Task objective
All the data that follows should be repeated exactly, without a single picture.

The records
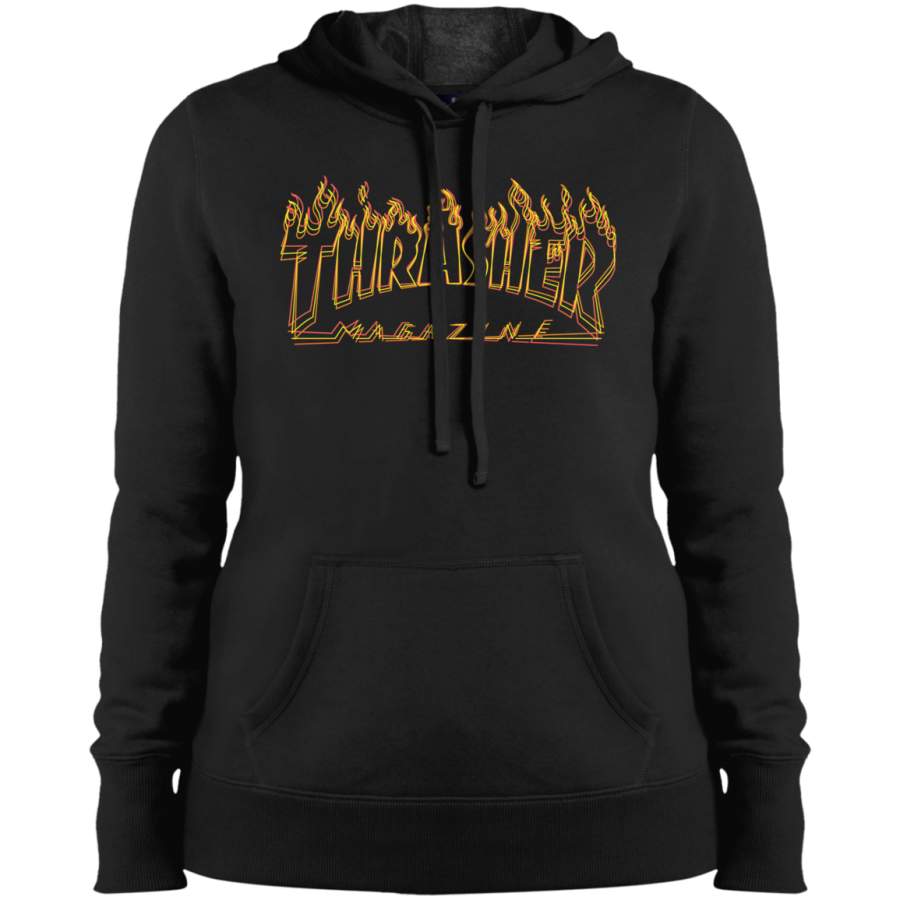 Thrasher Magazine Flame Richter Ladies’ Pullover Hoodie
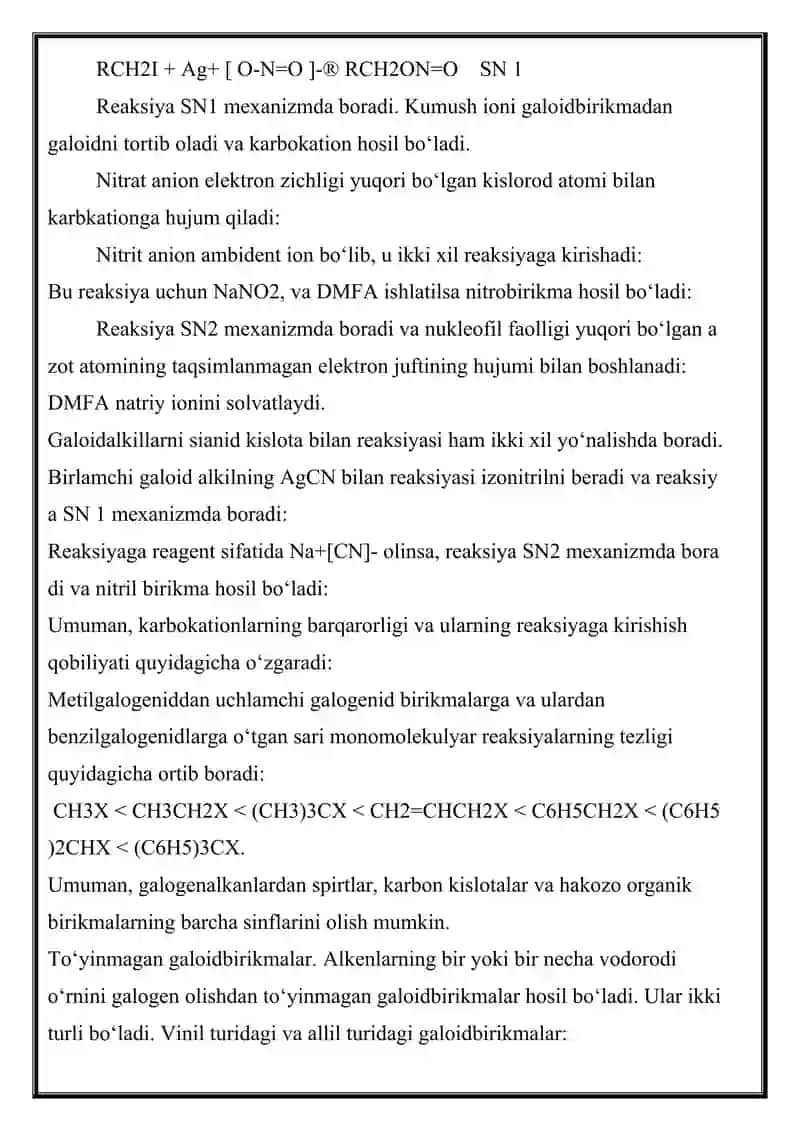 GALOGENLI BIRIKMALAR SINTEZI 3
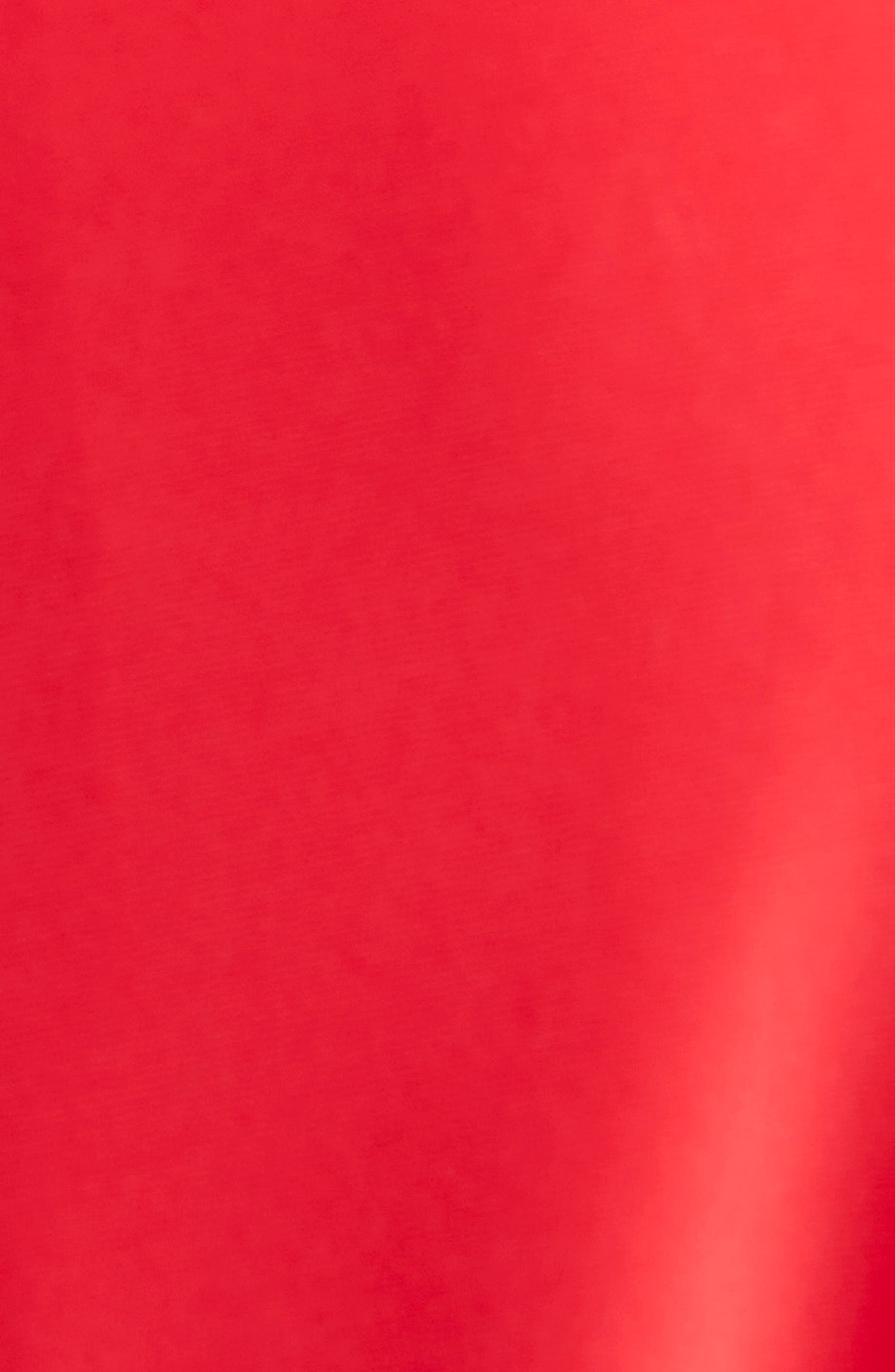 Sandy Liang Riverton Asymmetric Jersey Minidress in Red at Nordstrom - 6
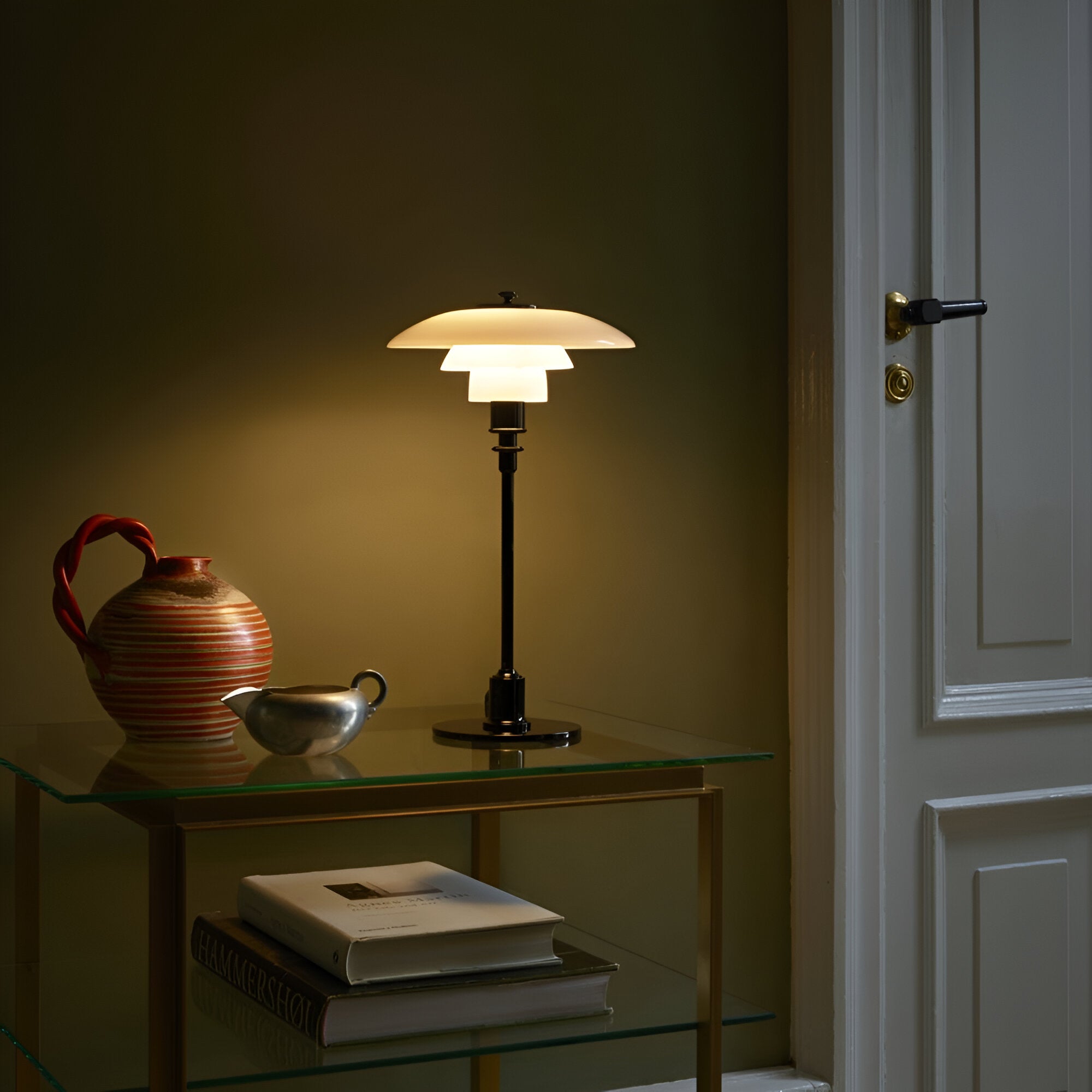 Nordic Glass Danish Table Lamp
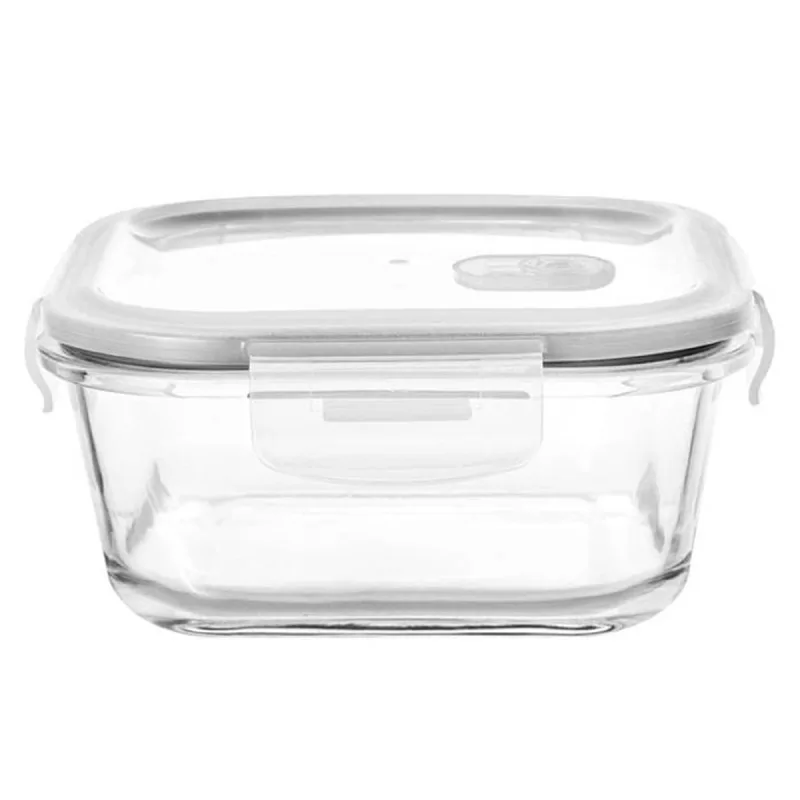 Pote Flashgoods Hermético Quadrado Vidro com Válvula 310ml - Flashgoods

Written answer
 Thrasher Magazine Flame Richter Ladies’ Pullover Hoodie
 GALOGENLI BIRIKMALAR SINTEZI 3
 Sandy Liang Riverton Asymmetric Jersey Minidress in Red at Nordstrom - 6
 Nordic Glass Danish Table Lamp
 Pote Flashgoods Hermético Quadrado Vidro com Válvula 310ml - Flashgoods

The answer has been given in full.